Zero based compressed oops

Compressed oops use an arbitrary address for the narrow oop base which is calculated as java heap base minus one (protected) page size for implicit NULL checks to work. This means a generic field reference is next:

<narrow-oop-base> + (<narrow-oop> << 3) + <field-offset>.

If the narrow oop base can be made to be zero (the java heap doesn't actually have to start at offset zero), then a generic field reference can be just next:

(<narrow-oop << 3) + <field-offset>

Theoretically it allows to save the heap base add (current Register Allocator does not allow to save register). Also with zero base the null check of compressed oop is not needed.
Current code for decoding compressed oops looks like this:

if (<narrow-oop> == NULL)
    <wide_oop> = NULL
else
    <wide_oop> = <narrow-oop-base> + (<narrow-oop> << 3)

With zero narrow oop base the code is much simpler. It needs only shift to decode/encode a compressed oop:

<wide_oop> = <narrow-oop> << 3

Also if java heap size < 4Gb and it can be moved into low virtual address space (below 4Gb) then compressed oops can be used without encoding/decoding.

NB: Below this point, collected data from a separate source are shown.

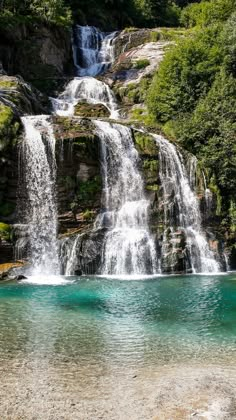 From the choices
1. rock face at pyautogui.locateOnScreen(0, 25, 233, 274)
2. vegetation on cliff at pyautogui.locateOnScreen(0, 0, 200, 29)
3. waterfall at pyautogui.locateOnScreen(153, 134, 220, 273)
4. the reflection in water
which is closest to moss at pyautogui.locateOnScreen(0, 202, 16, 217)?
rock face at pyautogui.locateOnScreen(0, 25, 233, 274)

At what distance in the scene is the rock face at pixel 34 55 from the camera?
47250mm

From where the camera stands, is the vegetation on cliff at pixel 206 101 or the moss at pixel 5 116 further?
the vegetation on cliff at pixel 206 101

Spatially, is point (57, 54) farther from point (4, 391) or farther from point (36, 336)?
point (4, 391)

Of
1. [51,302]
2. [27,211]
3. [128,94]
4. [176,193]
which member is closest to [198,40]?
[128,94]

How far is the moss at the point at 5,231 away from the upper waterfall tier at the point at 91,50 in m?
31.2

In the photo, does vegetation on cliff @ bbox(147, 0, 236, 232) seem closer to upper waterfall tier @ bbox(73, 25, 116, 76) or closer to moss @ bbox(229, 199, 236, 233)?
moss @ bbox(229, 199, 236, 233)

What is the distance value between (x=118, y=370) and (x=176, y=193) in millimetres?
21327

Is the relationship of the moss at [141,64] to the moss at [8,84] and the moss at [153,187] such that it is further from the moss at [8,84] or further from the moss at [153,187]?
the moss at [153,187]

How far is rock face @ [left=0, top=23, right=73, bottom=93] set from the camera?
155 feet

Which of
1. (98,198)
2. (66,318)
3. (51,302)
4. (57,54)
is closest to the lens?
(66,318)

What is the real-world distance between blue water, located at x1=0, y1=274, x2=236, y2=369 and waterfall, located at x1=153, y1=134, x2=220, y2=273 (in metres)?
5.20

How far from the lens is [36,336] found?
12680 millimetres

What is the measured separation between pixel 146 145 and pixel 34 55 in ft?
80.0

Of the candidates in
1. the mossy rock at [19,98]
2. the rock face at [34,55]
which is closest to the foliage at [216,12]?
the rock face at [34,55] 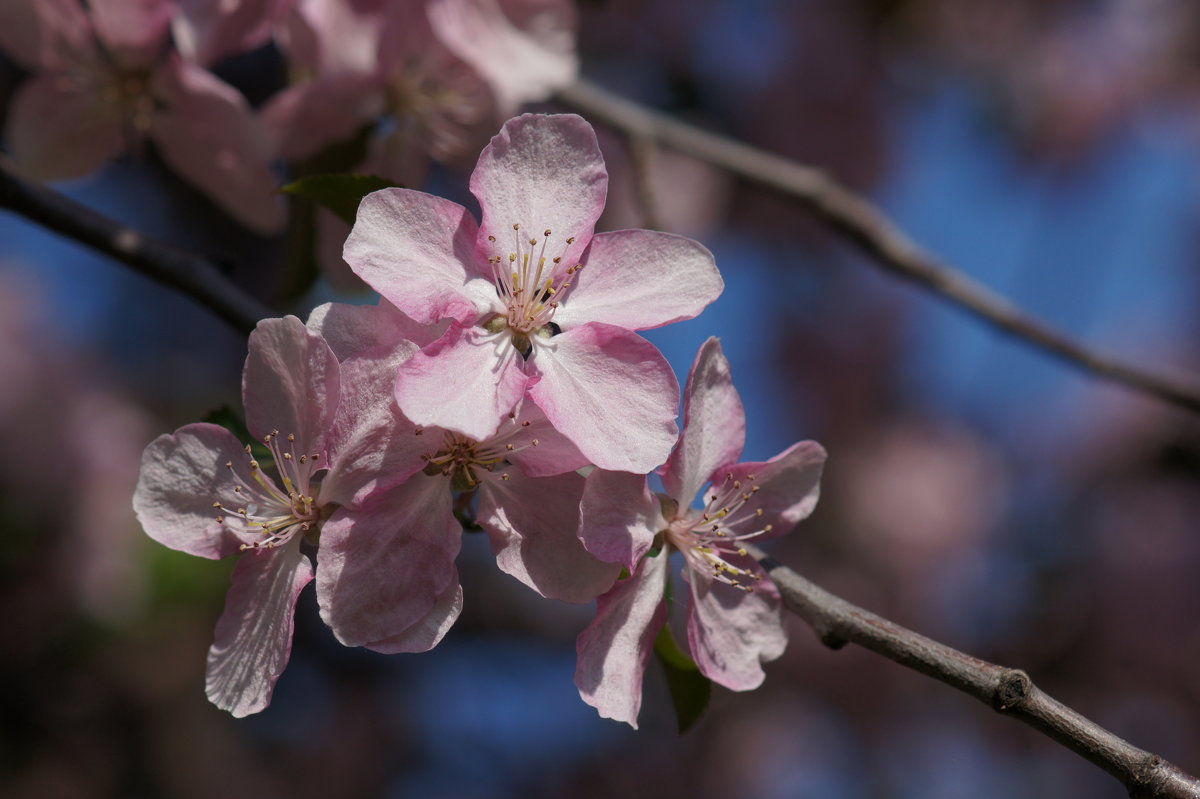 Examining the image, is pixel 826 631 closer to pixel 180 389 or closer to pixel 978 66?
pixel 180 389

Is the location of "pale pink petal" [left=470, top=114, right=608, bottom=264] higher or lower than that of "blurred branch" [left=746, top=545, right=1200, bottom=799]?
higher

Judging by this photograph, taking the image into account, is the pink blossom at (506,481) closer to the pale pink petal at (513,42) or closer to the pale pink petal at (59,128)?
the pale pink petal at (513,42)

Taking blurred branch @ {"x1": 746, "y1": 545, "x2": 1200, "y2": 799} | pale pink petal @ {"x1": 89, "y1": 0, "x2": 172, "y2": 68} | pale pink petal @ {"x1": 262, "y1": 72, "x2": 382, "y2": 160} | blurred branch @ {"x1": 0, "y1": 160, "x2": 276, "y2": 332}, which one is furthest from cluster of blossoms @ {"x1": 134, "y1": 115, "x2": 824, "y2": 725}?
pale pink petal @ {"x1": 89, "y1": 0, "x2": 172, "y2": 68}

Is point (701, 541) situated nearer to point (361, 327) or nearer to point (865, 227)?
point (361, 327)

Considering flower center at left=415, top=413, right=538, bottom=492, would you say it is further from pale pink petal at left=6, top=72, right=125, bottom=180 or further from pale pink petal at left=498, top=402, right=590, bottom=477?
pale pink petal at left=6, top=72, right=125, bottom=180

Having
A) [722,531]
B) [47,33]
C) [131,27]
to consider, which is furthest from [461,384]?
[47,33] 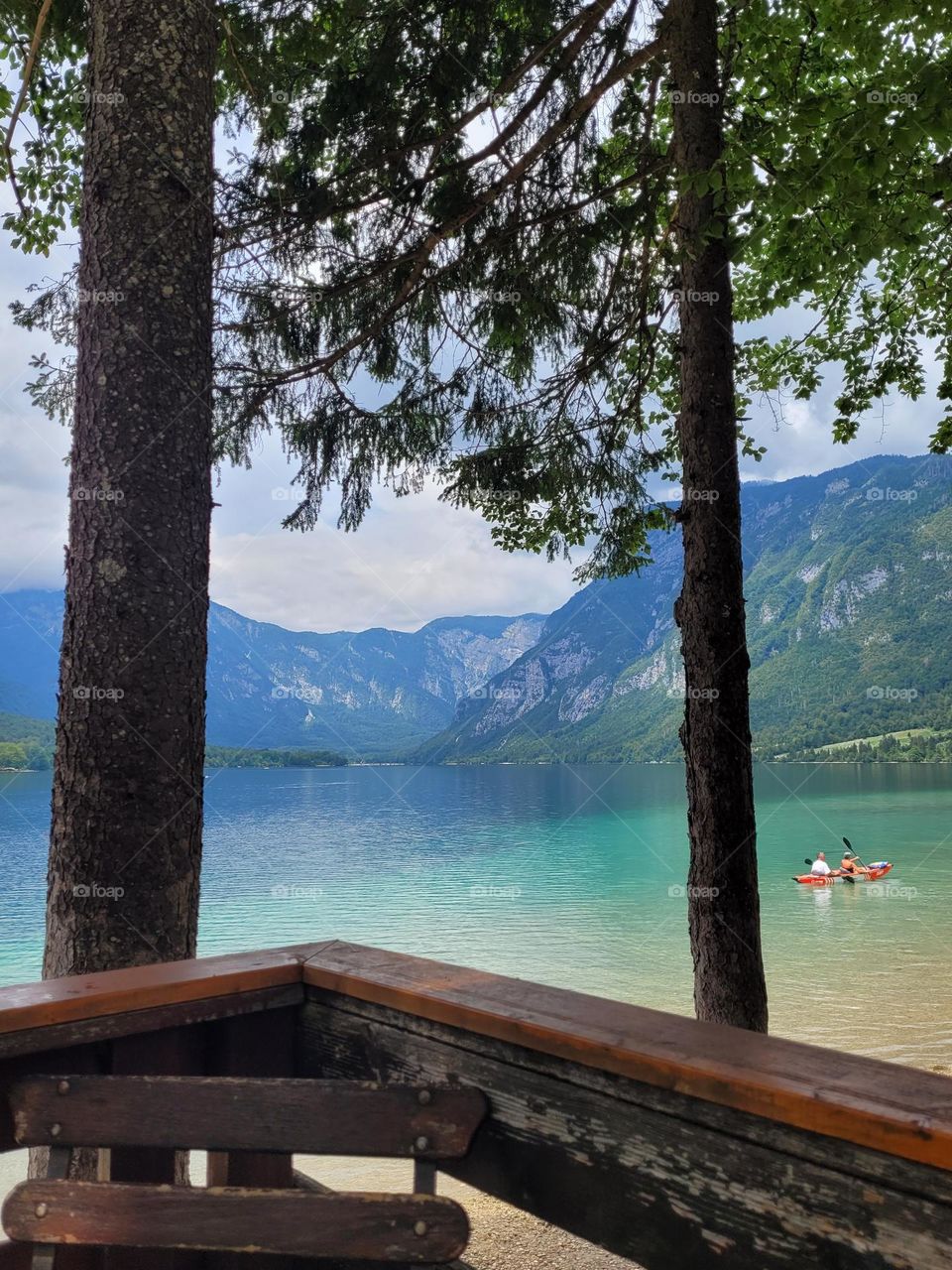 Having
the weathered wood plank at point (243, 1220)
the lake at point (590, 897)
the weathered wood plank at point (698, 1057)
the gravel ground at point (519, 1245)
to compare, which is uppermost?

Zero based implementation tries to allocated java heap using different strategies based on the heap size and a platform it runs on.
First, it tries to allocate java heap below 4Gb to use compressed oops without decoding if heap size < 4Gb.
If it fails or heap size > 4Gb it will try to allocate the heap below 32Gb to use zero based compressed oops.
If this also fails it will switch to regular compressed oops with narrow oop base.